Slow It Down

A couple of weeks ago, I sliced three of my fingers open.

In my defense, the bread knife someone kindly gave us when we moved here is quite a bit sharper than the bread knife at my parents’ house. The knife at my parents’ house can cut through bread and can then be stopped with one’s hand.

Our new bread knife, it turns out, cannot.

To make a long story short, I ended up with five stitches in the index finger of my left hand.

Do you know how many things you use your left hand for in the course of a regular day? Not just your hand: your left index finger, to be exact? I didn’t.

For the first several days, I couldn’t grip anything with my left hand—those three fingers felt like they were getting split open again every time I tried. Even after the two other fingers started to heal, my index finger was completely useless. It had stitches in it, remember? I had to keep it covered; I couldn’t get it wet; and I certainly couldn’t use it for anything actually useful.

So I had to slow down.

I couldn’t do my hair—all those cute styles involve elastics and hair pins, and it turns out you can’t really put those in without your index finger—so I just left my hair loose.

I couldn’t type very quickly anymore—did you know that you use your index fingers almost more than any other finger when you type?—so I had very little time to do anything except homework most days.

It took me a lot longer than usual to get ready in the mornings—I had to gingerly work around my throbbing finger—so I stopped trying to do anything else before I left for work in the mornings.

And you know what? It was kind of nice.

Just let it go

The moment of truth for me came a few days after I had cut my fingers. I had been planning to do a 30-day yoga workout challenge to kickstart my exercise habit, which had taken a backseat over the last few months. I was planning to start on December 1st—

—but on November 30th, I cut my fingers.

Most of the yoga postures I find most helpful involve putting your hands on the ground, pressing down with your fingers, and bearing weight in your hands.

Clearly, that wasn’t going to work for me.

As the days went by and I realized how slowly the healing process was progressing, I decided I probably wouldn’t be up to a 30-day challenge before the end of the year.

So I let myself off the hook: I decided not to make exercise a priority until January.

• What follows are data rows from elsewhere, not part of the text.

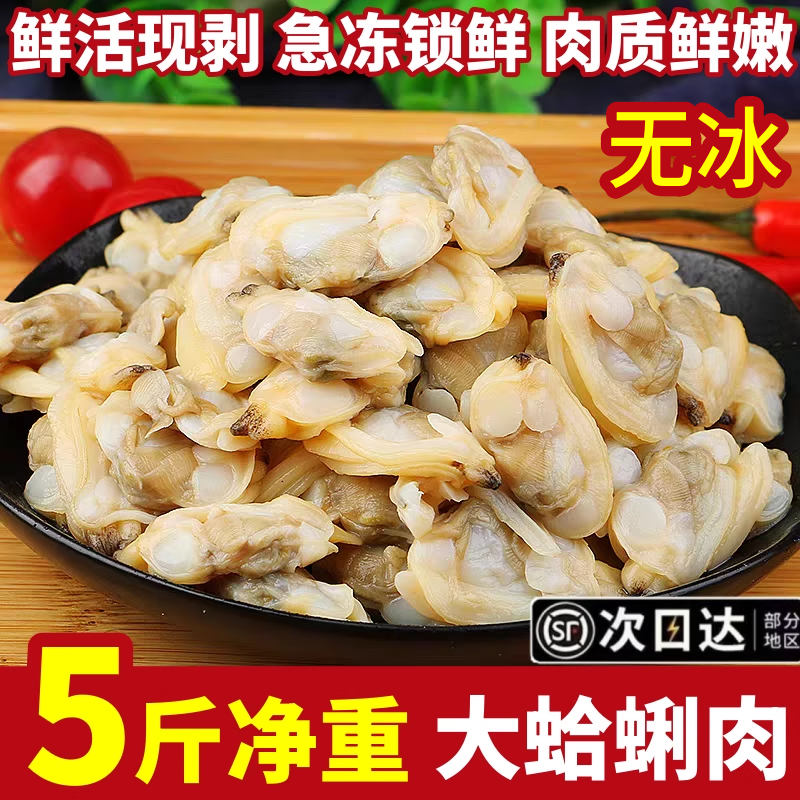 冷冻蛤蜊肉新鲜花甲鲜活花蛤黄蚬子肉花甲肉花螺海螺海鲜贝非干货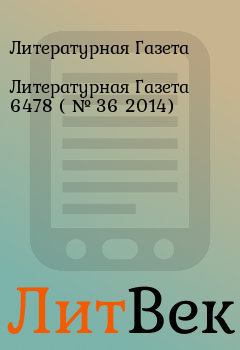 Обложка книги - Литературная Газета  6478 ( № 36 2014) - Литературная Газета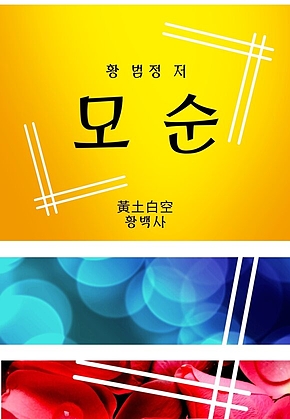 모순 표지
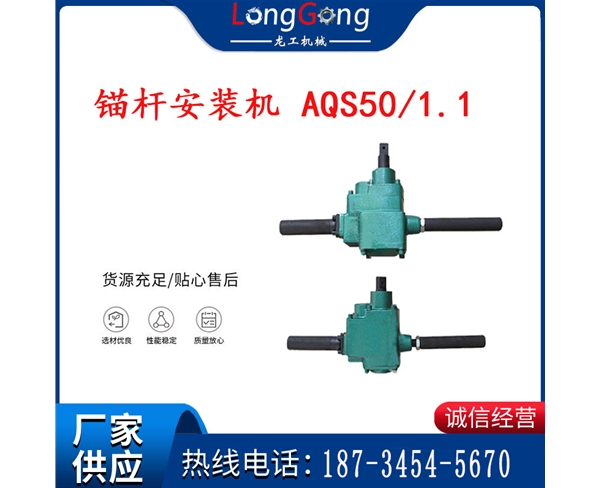 科大正陽氣動扳手 MJ80 礦用錨桿安裝機 AQS50/1.1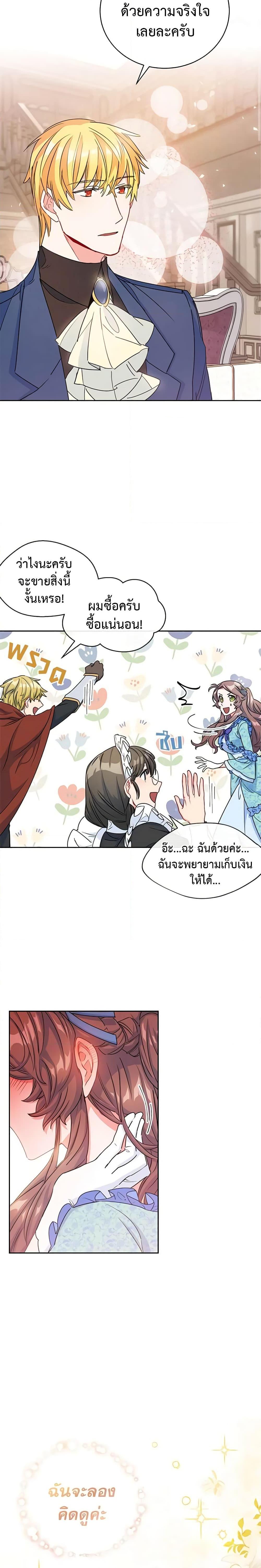Manga-lc-com อ่านมังงะ อ่านการ์ตูน ออนไลน์ ฟรี 50 Tea Recipes from the Duchess ตอนที่ 1 2 3 4 5 6 7 8 9 10 11 12 13 14 ฟรี ไม่มีโฆษณา Manga-lc - อ่าน มังงะ อ่าน การ์ตูน ออนไลน์ อ่านมังงะ ฟรี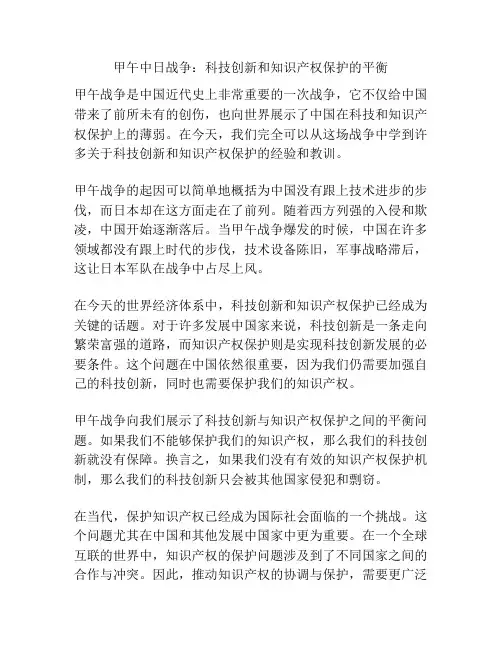 甲午中日战争：科技创新和知识产权保护的平衡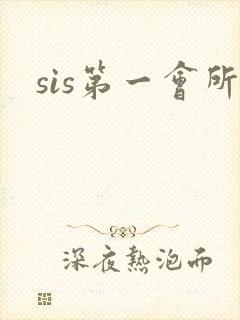 sis第一会所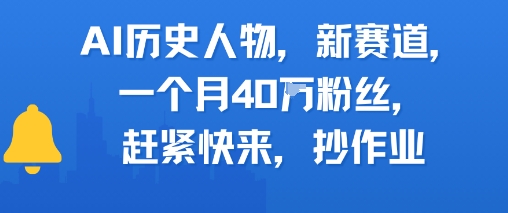 AI历史人物新赛道,一个月40W粉丝,赶紧快来抄作业-润格副业网-每天分享热门副业赚钱项目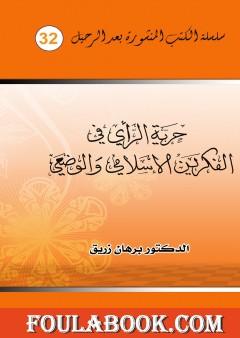 حرية الراي في الفكرين الإسلامي والوضعي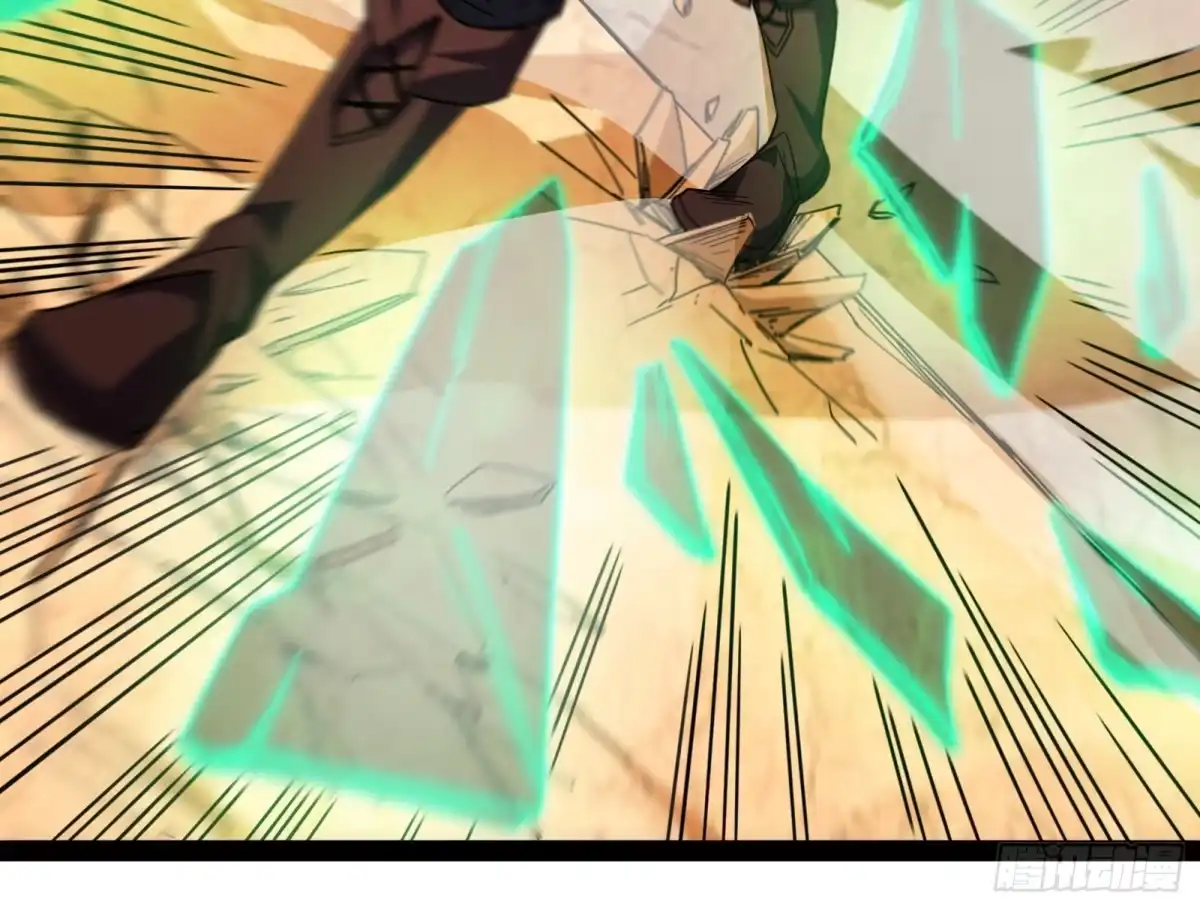 《打爆诸天》比主角更主角的电影龙套 第110页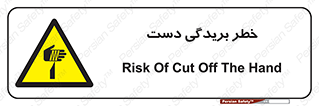 cut , hand , finger , body , انگشتان , پارگی , پاره گی , بریدن , 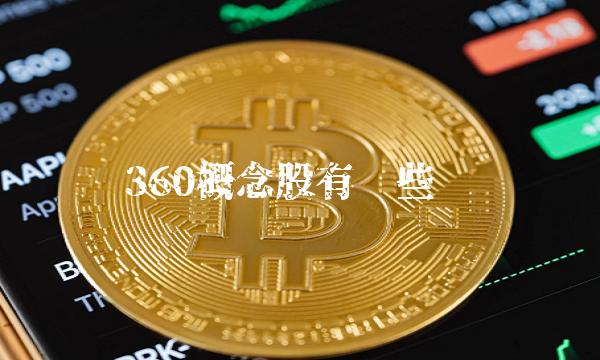 360概念股有哪些 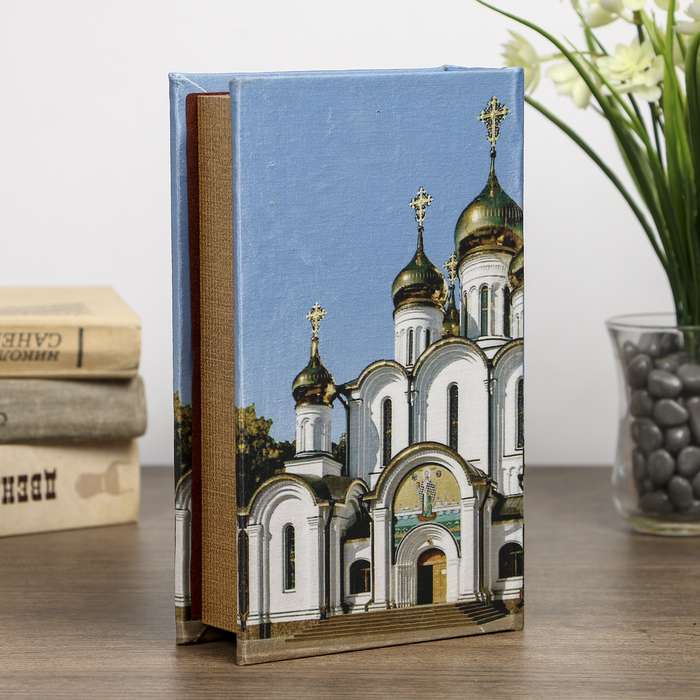 Сейф-книга дерево "Храм" шёлк, стразы 21х13х5 см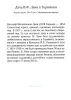 Набор открыток "Утраченные дачи Карельского перешейка"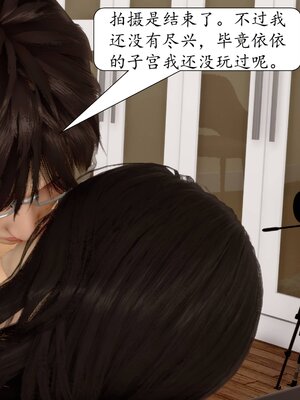 [秋秋]催眠眼镜之春节篇_511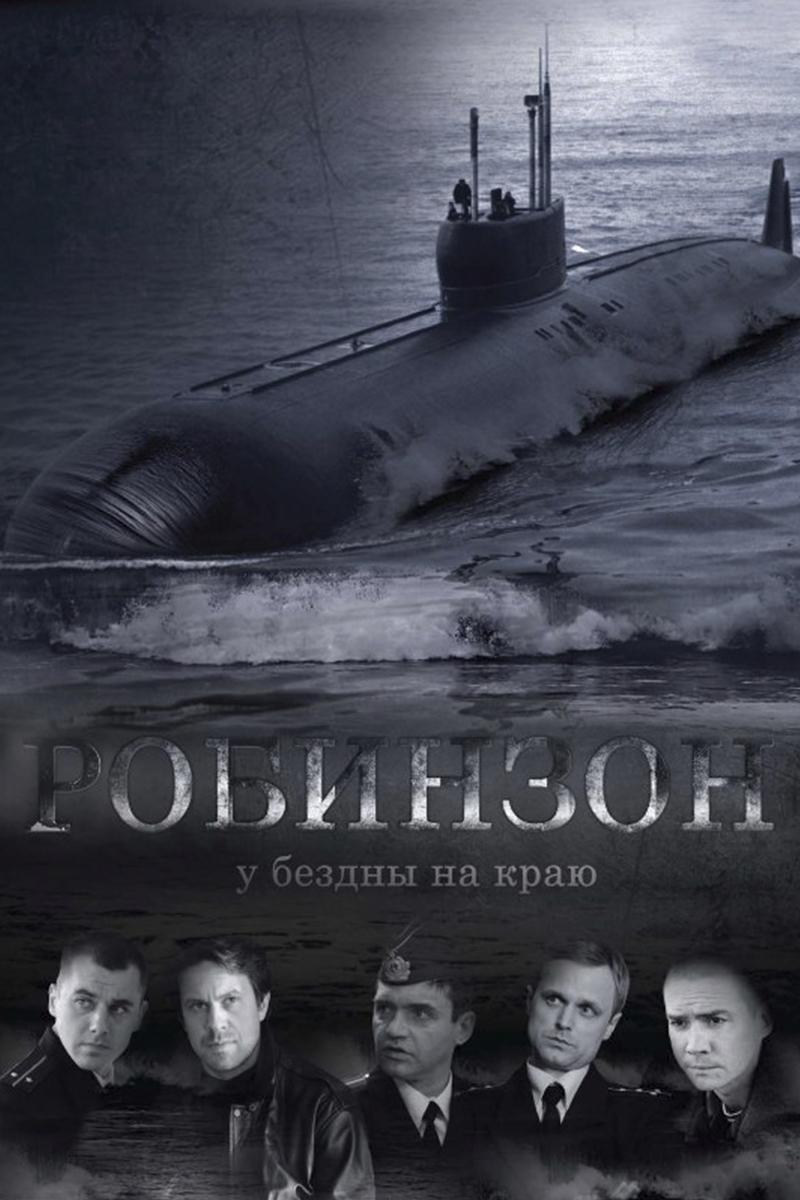 Робинзон (robinzon) Сериал 2010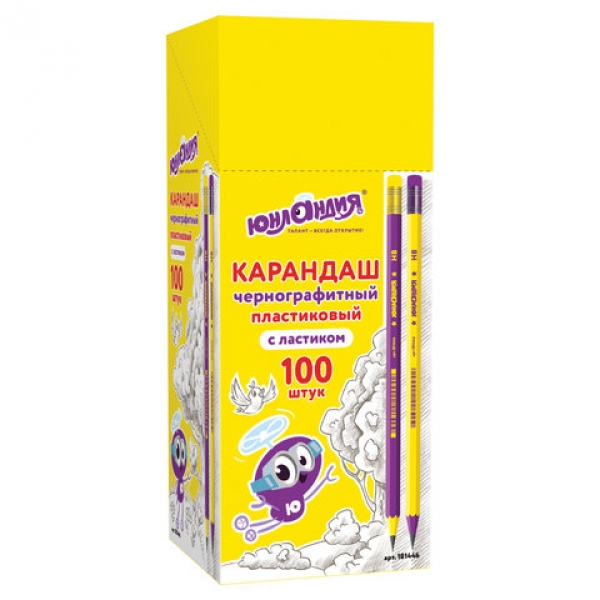 Карандаш чернографитный "ЮНЛАНДИЯ" с резинкой НВ 181446 (100)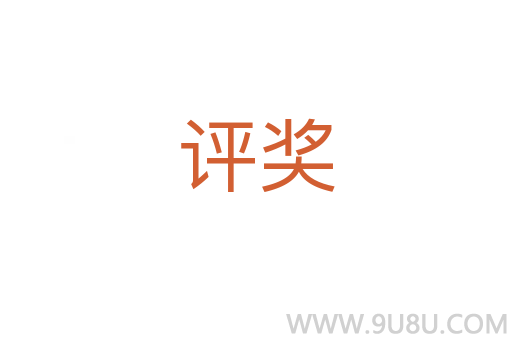 評(píng)獎(jiǎng)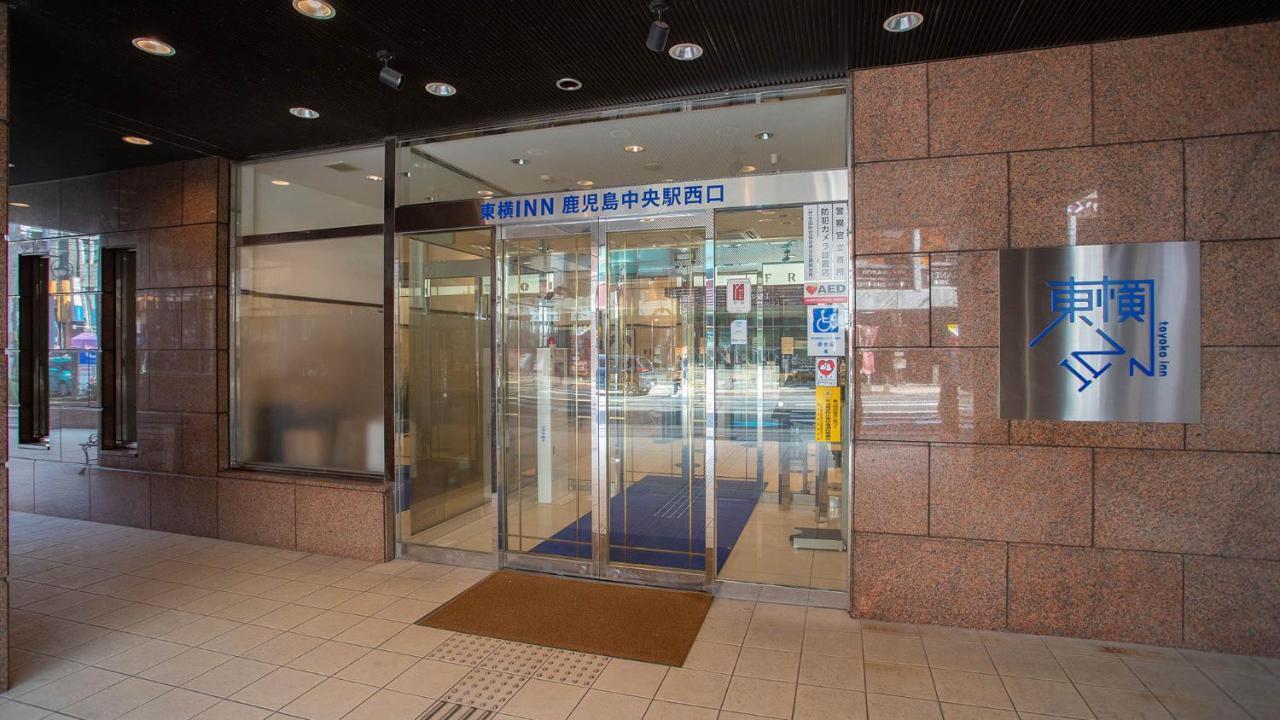 Toyoko Inn Kagoshima Chuo Eki Nishi Guchi Luaran gambar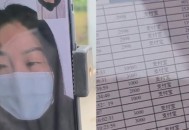 丈夫打赏主播1600万,丈夫打赏主播1600万妻子追讨败诉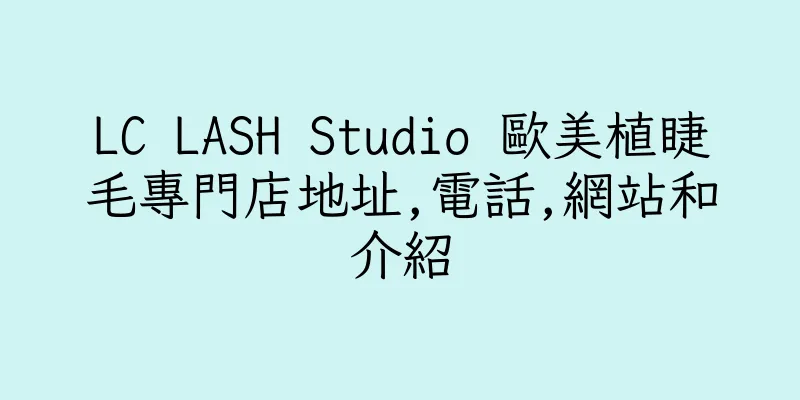 香港LC LASH Studio 歐美植睫毛專門店地址,電話,網站和介紹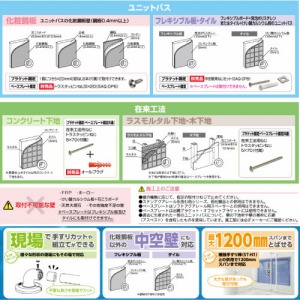 ܂p肷 BAUHAUS 32\tgANA[ L^nh 32~600~600mm }cZ [SAQ-K-6060W] zCg  4gz ԏn @ll [J[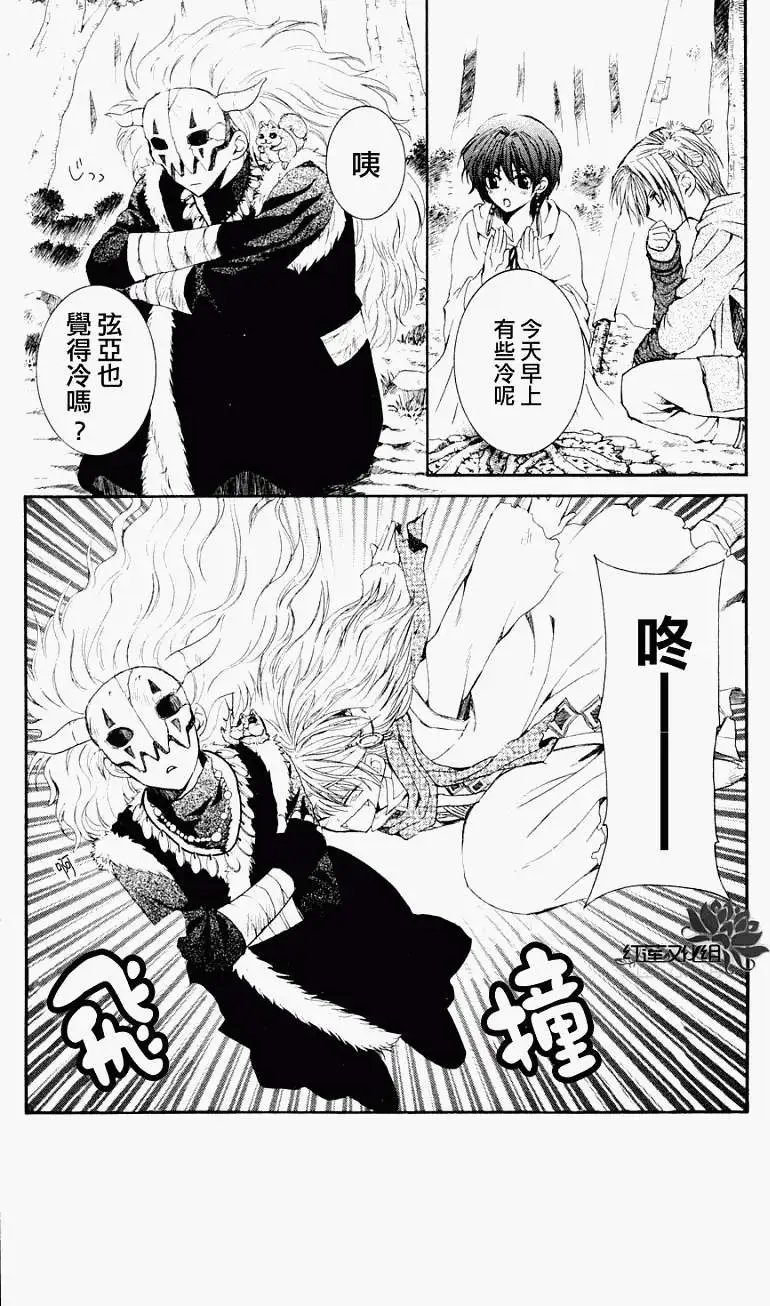 第043回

All of a sudden, I didn’t feel guilty about not exercising. I didn’t feel that nagging sense that I’m not doing “enough.” A huge source of pressure in my life was just—gone.

Give yourself space

Let me be clear: I’m not saying you should quit exercising. Moving your body is good for it, and it’s important to find some form of physical activity you enjoy so you can keep yourself healthy.

What I am saying is that you don’t need to focus on all the things all the time.

I’ve written before about how my expectations for myself are often too high. I tend to expect myself to be amazing at everything—work, school, homemaking, health and fitness—literally everything. And when I fail to live up to my expectations, I feel guilty and ashamed—as though I am somehow “less” when I’m not doing all the things.

But here’s the thing: no one can do it all. We have to choose what we’re going to prioritize. And we have to be willing to let some of the other stuff go.

It’s okay to say no

The holidays can be hectic. There are so many things to do and people to see and events to attend that sometimes it feels like we don’t even have time to think. And after all that comes a new year, and if you’re anything like me, your calendar is already rapidly filling up.

May I encourage you to do one thing? Give yourself permission to slow down.

You can’t give the same attention to everything—so choose what activities and goals are a priority for you right now, and let other things take a backseat for a while.

Choosing to let some things go for a season allows you to slow down. It helps you break out of the cycle of days crammed too full of too much. It creates margin, giving you space to rest, to breathe, to be.

It takes the pressure off.

Let’s lay the unnecessary clutter in our lives aside for a few days. Let’s give ourselves space to enjoy the holidays, to be present. Let’s forget about all our self-imposed expectations.

Let’s slow it down.

Have you ever been forced to slow it down? Is there an area of your life where you could take the pressure off a little bit?